How Does Your Communication Style Affect Others?

Have you ever been around folks who just blurt out whatever comes to mind, regardless of how it might affect those around them? Maybe you’ve even tried to talk to them about being a bit more considerate, only to hear them say, “That’s just me. People gotta deal with it.”

Contrary to what many believe, the way we communicate isn’t just about our personality. It’s influenced by what we’ve learned from others, the trials and errors we’ve gone through, the influence of our parents, and all sorts of life experiences. Our communication style isn’t set in stone; it’s a choice. We decide which words to use, how loud to speak, when to talk, and how to get our point across. These choices can either help people understand us or distract them from what we’re trying to say. When we mess up in how we communicate, people tend to think:

  1. “Why’s this person acting like that?”
  2. “Why are they treating me this way?”

When our communication style becomes the focus instead of our message, our point gets lost.

Sometimes, though, we’re not even aware of the choices we’re making. Our emotions can take over, or we’re so focused on what we want to say that we forget how we’re saying it. Ever been in a conversation where you didn’t realise what your face was saying? Most of the time, we’re not even thinking about how we’re coming off; we’re just talking without much thought. That’s where knowing about the four communication styles and how they affect others is crucial. Each style has its good and bad sides, depending on how and when you use it.

For instance, being open with others is usually great, but there are times when you need to keep things to yourself, like if you’re told something in confidence. If you blabbed that secret, you’d ruin trust.

And trust is huge when it comes to how we communicate. Think about someone you don’t trust. Your talks with them are probably guarded and suspicious. Trust changes everything in how we relate to each other. That’s why making smart choices in how we communicate matters so much. If people are too focused on feeling mistreated during a chat, they won’t pay attention to what’s being said, even if it could solve all the world’s problems!

Open communicators think about trust when they talk. They ask themselves, “Will what I’m about to say make things better or keep trust intact?” If the answer’s yes, they’re probably communicating in a way that’s clear, respectful, and impactful. But in stressful moments, we might forget to think about this and blurt out whatever’s on our minds, using lack of time as an excuse.

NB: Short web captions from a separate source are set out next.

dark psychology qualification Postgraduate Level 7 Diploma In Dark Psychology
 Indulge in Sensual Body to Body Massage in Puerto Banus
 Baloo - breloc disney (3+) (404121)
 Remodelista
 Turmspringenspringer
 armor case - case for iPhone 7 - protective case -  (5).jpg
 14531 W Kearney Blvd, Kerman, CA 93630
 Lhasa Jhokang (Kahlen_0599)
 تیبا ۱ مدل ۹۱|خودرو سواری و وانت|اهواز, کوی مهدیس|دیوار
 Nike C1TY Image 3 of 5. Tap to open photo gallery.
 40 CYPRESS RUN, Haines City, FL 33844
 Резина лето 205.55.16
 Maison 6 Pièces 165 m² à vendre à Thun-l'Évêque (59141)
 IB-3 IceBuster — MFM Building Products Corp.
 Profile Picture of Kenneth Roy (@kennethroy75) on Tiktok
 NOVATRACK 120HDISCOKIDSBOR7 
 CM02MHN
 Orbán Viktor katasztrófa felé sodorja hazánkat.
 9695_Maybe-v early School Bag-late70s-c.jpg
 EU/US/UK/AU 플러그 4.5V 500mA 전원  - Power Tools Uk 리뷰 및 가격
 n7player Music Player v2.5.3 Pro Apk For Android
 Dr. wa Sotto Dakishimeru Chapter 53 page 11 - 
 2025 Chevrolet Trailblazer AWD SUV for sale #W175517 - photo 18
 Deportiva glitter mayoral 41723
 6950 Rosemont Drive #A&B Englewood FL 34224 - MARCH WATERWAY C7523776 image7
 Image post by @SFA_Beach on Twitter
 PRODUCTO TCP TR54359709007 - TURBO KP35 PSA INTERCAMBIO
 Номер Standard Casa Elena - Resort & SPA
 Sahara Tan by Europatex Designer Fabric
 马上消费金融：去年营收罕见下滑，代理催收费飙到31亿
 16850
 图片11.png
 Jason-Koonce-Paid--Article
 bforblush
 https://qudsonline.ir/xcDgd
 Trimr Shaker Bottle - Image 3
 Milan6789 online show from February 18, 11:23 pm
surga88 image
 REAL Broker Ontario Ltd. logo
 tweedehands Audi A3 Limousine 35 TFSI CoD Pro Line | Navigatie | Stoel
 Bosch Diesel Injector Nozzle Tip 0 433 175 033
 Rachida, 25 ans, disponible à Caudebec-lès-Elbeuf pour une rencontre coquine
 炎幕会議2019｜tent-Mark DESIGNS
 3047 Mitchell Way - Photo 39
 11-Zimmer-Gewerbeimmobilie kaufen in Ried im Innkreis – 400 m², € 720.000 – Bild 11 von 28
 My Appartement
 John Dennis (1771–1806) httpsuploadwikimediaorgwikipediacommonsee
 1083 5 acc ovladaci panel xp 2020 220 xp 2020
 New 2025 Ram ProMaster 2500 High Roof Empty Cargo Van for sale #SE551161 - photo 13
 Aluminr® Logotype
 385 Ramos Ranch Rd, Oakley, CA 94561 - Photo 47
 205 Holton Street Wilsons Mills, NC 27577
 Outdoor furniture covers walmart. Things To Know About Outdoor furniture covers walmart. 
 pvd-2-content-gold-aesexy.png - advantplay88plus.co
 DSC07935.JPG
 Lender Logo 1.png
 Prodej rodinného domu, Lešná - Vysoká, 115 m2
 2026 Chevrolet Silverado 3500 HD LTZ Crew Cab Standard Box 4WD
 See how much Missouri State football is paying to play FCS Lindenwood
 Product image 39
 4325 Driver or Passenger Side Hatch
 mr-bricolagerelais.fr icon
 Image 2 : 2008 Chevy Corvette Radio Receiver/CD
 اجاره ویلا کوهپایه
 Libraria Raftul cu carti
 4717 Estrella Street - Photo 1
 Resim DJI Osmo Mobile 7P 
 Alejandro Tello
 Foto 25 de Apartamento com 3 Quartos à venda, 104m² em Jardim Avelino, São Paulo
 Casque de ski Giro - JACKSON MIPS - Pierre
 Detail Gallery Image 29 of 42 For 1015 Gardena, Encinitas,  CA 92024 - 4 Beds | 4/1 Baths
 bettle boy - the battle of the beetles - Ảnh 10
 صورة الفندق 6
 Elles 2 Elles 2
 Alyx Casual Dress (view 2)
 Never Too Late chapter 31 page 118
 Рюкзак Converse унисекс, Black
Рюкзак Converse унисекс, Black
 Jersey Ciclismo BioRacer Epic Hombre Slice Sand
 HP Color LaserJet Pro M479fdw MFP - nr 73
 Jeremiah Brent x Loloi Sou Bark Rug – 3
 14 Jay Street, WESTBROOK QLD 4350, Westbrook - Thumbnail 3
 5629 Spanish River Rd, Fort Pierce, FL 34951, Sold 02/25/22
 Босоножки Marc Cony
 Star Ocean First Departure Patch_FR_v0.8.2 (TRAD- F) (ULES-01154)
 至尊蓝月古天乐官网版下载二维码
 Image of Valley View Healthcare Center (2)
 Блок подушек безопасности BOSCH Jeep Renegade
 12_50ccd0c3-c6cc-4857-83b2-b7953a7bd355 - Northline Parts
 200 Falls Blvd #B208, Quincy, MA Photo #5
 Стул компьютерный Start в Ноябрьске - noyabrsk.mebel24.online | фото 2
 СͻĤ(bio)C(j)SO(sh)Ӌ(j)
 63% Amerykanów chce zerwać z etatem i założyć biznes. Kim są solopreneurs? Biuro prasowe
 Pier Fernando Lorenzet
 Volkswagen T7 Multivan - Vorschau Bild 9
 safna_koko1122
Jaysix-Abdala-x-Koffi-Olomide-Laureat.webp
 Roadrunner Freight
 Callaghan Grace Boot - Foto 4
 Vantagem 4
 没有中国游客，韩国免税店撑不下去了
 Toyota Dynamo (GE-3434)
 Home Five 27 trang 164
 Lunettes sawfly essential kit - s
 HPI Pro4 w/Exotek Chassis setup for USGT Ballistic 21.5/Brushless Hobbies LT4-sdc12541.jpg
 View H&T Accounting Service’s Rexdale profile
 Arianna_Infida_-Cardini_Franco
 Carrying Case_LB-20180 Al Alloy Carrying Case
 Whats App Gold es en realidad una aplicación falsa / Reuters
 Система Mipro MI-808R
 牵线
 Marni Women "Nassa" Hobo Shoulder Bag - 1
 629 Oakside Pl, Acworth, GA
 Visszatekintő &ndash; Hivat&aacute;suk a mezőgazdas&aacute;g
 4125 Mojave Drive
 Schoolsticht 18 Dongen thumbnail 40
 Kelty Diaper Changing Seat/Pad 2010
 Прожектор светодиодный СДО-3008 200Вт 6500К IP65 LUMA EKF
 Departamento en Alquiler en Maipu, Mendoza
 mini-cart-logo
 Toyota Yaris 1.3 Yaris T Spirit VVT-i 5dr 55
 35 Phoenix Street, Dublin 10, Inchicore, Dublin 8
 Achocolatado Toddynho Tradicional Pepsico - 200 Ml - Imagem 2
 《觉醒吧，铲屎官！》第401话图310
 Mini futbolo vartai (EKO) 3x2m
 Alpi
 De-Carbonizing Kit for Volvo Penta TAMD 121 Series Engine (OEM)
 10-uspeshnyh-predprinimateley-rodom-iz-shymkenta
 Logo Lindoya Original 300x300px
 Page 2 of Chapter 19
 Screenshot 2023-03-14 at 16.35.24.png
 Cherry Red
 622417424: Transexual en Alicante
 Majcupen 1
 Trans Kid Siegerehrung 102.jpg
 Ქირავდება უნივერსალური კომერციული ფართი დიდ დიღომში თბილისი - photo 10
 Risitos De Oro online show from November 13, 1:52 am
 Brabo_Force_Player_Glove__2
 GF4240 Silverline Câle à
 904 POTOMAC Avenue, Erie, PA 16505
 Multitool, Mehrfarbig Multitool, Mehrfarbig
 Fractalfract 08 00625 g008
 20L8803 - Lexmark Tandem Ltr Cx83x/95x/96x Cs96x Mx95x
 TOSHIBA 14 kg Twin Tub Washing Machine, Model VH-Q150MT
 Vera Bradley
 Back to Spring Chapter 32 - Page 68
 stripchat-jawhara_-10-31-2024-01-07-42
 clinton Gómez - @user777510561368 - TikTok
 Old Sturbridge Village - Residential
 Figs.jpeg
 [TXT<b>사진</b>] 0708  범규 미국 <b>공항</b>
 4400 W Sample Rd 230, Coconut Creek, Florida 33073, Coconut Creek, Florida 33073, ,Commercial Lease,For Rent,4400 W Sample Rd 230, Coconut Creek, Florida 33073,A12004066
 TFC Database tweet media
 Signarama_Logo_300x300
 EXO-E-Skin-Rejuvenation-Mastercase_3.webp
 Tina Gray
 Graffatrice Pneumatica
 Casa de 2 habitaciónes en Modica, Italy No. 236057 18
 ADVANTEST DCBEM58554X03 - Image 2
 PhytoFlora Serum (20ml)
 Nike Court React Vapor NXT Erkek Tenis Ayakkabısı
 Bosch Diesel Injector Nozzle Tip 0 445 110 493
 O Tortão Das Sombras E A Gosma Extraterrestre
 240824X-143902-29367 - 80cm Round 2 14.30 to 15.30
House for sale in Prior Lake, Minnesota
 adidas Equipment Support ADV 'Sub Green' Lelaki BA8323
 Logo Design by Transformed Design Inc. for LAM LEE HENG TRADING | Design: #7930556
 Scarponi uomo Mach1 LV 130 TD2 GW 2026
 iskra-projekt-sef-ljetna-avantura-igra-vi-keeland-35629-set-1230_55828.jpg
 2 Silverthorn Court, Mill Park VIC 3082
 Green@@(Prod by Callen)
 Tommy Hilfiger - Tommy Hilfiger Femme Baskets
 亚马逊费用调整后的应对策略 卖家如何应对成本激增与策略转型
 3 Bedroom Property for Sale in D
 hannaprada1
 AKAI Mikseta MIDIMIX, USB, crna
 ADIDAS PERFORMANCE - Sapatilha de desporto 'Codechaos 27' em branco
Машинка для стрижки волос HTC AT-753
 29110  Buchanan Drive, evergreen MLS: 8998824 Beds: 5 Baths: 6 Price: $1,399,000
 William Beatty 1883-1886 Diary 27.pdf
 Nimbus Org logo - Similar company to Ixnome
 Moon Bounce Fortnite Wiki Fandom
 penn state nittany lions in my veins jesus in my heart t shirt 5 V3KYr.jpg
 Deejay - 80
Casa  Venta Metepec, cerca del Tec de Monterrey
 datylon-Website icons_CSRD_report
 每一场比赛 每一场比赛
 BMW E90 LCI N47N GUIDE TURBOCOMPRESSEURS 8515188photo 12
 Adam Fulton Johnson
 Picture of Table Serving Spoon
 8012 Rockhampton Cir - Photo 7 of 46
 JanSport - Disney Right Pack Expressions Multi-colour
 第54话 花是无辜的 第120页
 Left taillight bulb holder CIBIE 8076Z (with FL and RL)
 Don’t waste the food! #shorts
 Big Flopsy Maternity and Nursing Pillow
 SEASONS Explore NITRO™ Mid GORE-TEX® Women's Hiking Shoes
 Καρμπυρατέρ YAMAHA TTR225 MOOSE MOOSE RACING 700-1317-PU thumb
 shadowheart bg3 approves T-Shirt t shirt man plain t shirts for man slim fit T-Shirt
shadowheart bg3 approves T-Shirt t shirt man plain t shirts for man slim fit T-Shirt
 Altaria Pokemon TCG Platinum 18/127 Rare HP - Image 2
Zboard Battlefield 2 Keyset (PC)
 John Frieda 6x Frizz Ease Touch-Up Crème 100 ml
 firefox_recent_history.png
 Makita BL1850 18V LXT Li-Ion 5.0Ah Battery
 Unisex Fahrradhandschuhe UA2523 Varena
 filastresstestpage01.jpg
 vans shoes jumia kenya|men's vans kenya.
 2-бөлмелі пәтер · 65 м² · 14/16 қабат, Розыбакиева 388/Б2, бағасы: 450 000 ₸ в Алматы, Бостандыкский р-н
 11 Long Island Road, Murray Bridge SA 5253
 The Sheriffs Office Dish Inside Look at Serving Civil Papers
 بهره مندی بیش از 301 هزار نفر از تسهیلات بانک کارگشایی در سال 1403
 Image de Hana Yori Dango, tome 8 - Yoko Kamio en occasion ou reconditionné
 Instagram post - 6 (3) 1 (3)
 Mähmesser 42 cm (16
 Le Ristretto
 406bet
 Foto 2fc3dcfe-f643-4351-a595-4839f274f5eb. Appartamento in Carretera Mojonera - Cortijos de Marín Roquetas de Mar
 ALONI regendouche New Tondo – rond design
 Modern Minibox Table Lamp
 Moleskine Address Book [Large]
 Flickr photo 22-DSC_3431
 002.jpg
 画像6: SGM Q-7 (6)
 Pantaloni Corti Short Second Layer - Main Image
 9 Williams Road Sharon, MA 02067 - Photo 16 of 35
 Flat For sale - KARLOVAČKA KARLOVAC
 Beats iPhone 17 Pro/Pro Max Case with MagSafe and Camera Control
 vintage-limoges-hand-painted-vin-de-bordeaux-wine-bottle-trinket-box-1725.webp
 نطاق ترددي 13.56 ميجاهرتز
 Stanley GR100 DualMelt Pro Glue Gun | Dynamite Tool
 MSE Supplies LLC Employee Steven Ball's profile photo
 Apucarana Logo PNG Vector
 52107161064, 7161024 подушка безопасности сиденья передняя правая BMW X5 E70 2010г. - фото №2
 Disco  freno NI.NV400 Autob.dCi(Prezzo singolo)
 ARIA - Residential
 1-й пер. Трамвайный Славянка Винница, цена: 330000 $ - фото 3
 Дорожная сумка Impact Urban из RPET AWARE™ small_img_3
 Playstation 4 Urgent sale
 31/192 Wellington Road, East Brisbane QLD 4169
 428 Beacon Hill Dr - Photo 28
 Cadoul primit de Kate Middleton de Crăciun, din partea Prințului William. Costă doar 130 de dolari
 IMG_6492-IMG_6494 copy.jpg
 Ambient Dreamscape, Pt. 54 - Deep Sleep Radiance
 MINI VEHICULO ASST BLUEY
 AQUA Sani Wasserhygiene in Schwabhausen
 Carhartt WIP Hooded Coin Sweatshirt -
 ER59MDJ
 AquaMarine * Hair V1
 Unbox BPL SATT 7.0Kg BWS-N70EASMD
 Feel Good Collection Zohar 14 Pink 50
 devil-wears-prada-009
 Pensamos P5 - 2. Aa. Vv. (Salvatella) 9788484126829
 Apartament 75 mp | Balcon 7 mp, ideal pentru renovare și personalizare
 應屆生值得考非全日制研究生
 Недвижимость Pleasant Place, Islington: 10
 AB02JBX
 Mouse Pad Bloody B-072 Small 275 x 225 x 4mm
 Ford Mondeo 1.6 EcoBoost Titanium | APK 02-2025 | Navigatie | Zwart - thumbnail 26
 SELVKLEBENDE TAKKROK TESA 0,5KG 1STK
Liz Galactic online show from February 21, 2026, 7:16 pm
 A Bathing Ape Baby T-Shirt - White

Open communicators also get that the listener’s just as important as the speaker. They consider everyone’s point of view, clarify things, and keep the conversation on track. They share info relevantly and tactfully say no when needed. They’re not afraid to share what they know, either, without worrying about looking good.

But there are times when it’s better to be more closed off. Ever left a meeting wishing you hadn’t said everything you did? Sometimes, it’s better to listen first, think things over, and then respond. But being too closed off can frustrate people. Taking too long to answer or giving way too much detail can bore people or overwhelm them. Yet, being detail-oriented can be a strength, too. Just ask my dad, who’s celebrating his 101st birthday today! He’s super detailed in how he explains things, but not everyone’s into that. We’ve got to learn to focus on the important stuff to be heard and understood.

In a crisis, being brief is key. We’ve got to be clear, calm, and ready to act. Anything that distracts from that could be disastrous. But some folks think a crisis justifies any behaviour, even intimidating others. They’ve got a clear idea of how things should be and don’t see the need to explain it clearly. They’ll publicly criticise others without listening to different views. But being blunt isn’t the same as being open, and it can damage trust in the long run.

When we’re not sure how to respond in tough situations, we might hide how we really feel. Like when someone asks if they look fat in their jeans. We’ll probably think about our relationship with them before answering, right? That’s normal. But sometimes, we hide too much. Maybe to avoid disappointing someone or being seen as the bad guy. Either way, it can mess with trust.

Being mindful of how we communicate isn’t easy. Sometimes, we’re just too tired to try. But it affects how people see us. If we stick with the “This-is-me-deal-with-it” attitude, we’re basically saying we’re not willing to make an effort to connect with others. Is that really the message we want to send?